## [Data for the task]
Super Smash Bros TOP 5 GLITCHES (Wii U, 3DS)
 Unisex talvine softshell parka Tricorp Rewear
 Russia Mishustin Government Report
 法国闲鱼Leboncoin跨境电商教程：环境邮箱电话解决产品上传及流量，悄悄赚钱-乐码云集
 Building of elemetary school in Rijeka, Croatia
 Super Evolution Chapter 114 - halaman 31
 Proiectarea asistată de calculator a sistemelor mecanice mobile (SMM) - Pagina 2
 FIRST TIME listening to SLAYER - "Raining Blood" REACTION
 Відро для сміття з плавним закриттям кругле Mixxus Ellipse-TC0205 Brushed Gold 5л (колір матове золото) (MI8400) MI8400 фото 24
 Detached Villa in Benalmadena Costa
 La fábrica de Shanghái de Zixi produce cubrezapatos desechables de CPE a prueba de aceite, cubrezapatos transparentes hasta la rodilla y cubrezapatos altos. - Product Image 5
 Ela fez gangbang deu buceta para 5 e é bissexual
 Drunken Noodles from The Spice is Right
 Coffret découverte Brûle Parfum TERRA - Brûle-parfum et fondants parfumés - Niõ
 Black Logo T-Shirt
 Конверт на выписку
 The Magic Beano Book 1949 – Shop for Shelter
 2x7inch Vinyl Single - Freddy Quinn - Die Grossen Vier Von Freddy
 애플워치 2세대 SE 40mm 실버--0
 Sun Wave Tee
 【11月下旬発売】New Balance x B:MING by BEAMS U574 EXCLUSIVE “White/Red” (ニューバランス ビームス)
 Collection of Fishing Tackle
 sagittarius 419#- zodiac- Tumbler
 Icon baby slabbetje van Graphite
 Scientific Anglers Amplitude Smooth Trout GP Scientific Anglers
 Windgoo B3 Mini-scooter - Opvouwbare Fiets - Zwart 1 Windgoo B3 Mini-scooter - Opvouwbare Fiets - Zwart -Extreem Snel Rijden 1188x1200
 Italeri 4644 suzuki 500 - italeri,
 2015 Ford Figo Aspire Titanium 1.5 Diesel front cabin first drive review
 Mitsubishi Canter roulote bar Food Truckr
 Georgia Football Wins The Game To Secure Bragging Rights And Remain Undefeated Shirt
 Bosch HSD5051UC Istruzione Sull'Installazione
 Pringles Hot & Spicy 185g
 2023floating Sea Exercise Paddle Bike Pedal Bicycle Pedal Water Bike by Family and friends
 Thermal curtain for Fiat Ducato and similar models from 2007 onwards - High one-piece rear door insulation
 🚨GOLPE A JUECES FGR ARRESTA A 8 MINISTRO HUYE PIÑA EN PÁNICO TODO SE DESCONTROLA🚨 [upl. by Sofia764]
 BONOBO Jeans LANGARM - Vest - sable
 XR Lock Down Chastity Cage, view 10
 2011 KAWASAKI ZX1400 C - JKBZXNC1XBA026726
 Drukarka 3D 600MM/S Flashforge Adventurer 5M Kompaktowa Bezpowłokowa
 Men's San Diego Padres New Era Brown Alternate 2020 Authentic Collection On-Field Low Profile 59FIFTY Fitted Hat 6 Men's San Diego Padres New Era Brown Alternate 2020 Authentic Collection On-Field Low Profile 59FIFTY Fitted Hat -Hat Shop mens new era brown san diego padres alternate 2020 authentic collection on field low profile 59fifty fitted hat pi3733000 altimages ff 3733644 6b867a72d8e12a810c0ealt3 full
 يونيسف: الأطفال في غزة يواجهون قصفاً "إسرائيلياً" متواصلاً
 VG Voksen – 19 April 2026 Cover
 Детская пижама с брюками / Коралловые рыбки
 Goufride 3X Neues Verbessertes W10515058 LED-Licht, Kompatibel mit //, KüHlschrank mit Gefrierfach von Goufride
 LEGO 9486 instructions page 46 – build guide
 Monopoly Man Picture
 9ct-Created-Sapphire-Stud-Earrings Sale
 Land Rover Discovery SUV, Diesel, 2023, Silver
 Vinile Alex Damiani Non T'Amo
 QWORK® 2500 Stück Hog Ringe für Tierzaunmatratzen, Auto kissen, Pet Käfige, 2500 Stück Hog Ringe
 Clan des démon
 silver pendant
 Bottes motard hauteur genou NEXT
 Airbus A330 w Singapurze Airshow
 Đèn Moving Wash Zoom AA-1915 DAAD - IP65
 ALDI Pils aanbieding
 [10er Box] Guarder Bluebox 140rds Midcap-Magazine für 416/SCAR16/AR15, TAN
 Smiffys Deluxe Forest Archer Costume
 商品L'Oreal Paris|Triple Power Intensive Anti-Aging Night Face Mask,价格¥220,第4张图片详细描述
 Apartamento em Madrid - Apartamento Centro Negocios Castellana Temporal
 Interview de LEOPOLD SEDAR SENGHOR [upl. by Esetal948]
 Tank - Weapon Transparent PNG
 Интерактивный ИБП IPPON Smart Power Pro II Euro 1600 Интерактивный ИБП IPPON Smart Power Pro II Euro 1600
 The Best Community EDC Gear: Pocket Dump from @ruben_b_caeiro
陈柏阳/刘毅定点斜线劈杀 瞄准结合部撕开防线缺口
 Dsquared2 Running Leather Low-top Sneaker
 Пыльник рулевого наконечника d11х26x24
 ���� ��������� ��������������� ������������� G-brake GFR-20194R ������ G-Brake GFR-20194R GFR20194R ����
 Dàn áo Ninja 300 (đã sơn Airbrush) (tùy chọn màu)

## [Exercise]
Without leaving anything out, repeat every entry shown above.

## [Answer section]
Super Smash Bros TOP 5 GLITCHES (Wii U, 3DS)
 Unisex talvine softshell parka Tricorp Rewear
 Russia Mishustin Government Report
 法国闲鱼Leboncoin跨境电商教程：环境邮箱电话解决产品上传及流量，悄悄赚钱-乐码云集
 Building of elemetary school in Rijeka, Croatia
 Super Evolution Chapter 114 - halaman 31
 Proiectarea asistată de calculator a sistemelor mecanice mobile (SMM) - Pagina 2
 FIRST TIME listening to SLAYER - "Raining Blood" REACTION
 Відро для сміття з плавним закриттям кругле Mixxus Ellipse-TC0205 Brushed Gold 5л (колір матове золото) (MI8400) MI8400 фото 24
 Detached Villa in Benalmadena Costa
 La fábrica de Shanghái de Zixi produce cubrezapatos desechables de CPE a prueba de aceite, cubrezapatos transparentes hasta la rodilla y cubrezapatos altos. - Product Image 5
 Ela fez gangbang deu buceta para 5 e é bissexual
 Drunken Noodles from The Spice is Right
 Coffret découverte Brûle Parfum TERRA - Brûle-parfum et fondants parfumés - Niõ
 Black Logo T-Shirt
 Конверт на выписку
 The Magic Beano Book 1949 – Shop for Shelter
 2x7inch Vinyl Single - Freddy Quinn - Die Grossen Vier Von Freddy
 애플워치 2세대 SE 40mm 실버--0
 Sun Wave Tee
 【11月下旬発売】New Balance x B:MING by BEAMS U574 EXCLUSIVE “White/Red” (ニューバランス ビームス)
 Collection of Fishing Tackle
 sagittarius 419#- zodiac- Tumbler
 Icon baby slabbetje van Graphite
 Scientific Anglers Amplitude Smooth Trout GP Scientific Anglers
 Windgoo B3 Mini-scooter - Opvouwbare Fiets - Zwart 1 Windgoo B3 Mini-scooter - Opvouwbare Fiets - Zwart -Extreem Snel Rijden 1188x1200
 Italeri 4644 suzuki 500 - italeri,
 2015 Ford Figo Aspire Titanium 1.5 Diesel front cabin first drive review
 Mitsubishi Canter roulote bar Food Truckr
 Georgia Football Wins The Game To Secure Bragging Rights And Remain Undefeated Shirt
 Bosch HSD5051UC Istruzione Sull'Installazione
 Pringles Hot & Spicy 185g
 2023floating Sea Exercise Paddle Bike Pedal Bicycle Pedal Water Bike by Family and friends
 Thermal curtain for Fiat Ducato and similar models from 2007 onwards - High one-piece rear door insulation
 🚨GOLPE A JUECES FGR ARRESTA A 8 MINISTRO HUYE PIÑA EN PÁNICO TODO SE DESCONTROLA🚨 [upl. by Sofia764]
 BONOBO Jeans LANGARM - Vest - sable
 XR Lock Down Chastity Cage, view 10
 2011 KAWASAKI ZX1400 C - JKBZXNC1XBA026726
 Drukarka 3D 600MM/S Flashforge Adventurer 5M Kompaktowa Bezpowłokowa
 Men's San Diego Padres New Era Brown Alternate 2020 Authentic Collection On-Field Low Profile 59FIFTY Fitted Hat 6 Men's San Diego Padres New Era Brown Alternate 2020 Authentic Collection On-Field Low Profile 59FIFTY Fitted Hat -Hat Shop mens new era brown san diego padres alternate 2020 authentic collection on field low profile 59fifty fitted hat pi3733000 altimages ff 3733644 6b867a72d8e12a810c0ealt3 full
 يونيسف: الأطفال في غزة يواجهون قصفاً "إسرائيلياً" متواصلاً
 VG Voksen – 19 April 2026 Cover
 Детская пижама с брюками / Коралловые рыбки
 Goufride 3X Neues Verbessertes W10515058 LED-Licht, Kompatibel mit //, KüHlschrank mit Gefrierfach von Goufride
 LEGO 9486 instructions page 46 – build guide
 Monopoly Man Picture
 9ct-Created-Sapphire-Stud-Earrings Sale
 Land Rover Discovery SUV, Diesel, 2023, Silver
 Vinile Alex Damiani Non T'Amo
 QWORK® 2500 Stück Hog Ringe für Tierzaunmatratzen, Auto kissen, Pet Käfige, 2500 Stück Hog Ringe
 Clan des démon
 silver pendant
 Bottes motard hauteur genou NEXT
 Airbus A330 w Singapurze Airshow
 Đèn Moving Wash Zoom AA-1915 DAAD - IP65
 ALDI Pils aanbieding
 [10er Box] Guarder Bluebox 140rds Midcap-Magazine für 416/SCAR16/AR15, TAN
 Smiffys Deluxe Forest Archer Costume
 商品L'Oreal Paris|Triple Power Intensive Anti-Aging Night Face Mask,价格¥220,第4张图片详细描述
 Apartamento em Madrid - Apartamento Centro Negocios Castellana Temporal
 Interview de LEOPOLD SEDAR SENGHOR [upl. by Esetal948]
 Tank - Weapon Transparent PNG
 Интерактивный ИБП IPPON Smart Power Pro II Euro 1600 Интерактивный ИБП IPPON Smart Power Pro II Euro 1600
 The Best Community EDC Gear: Pocket Dump from @ruben_b_caeiro
陈柏阳/刘毅定点斜线劈杀 瞄准结合部撕开防线缺口
 Dsquared2 Running Leather Low-top Sneaker
 Пыльник рулевого наконечника d11х26x24
 ���� ��������� ��������������� ������������� G-brake GFR-20194R ������ G-Brake GFR-20194R GFR20194R ����
 Dàn áo Ninja 300 (đã sơn Airbrush) (tùy chọn màu)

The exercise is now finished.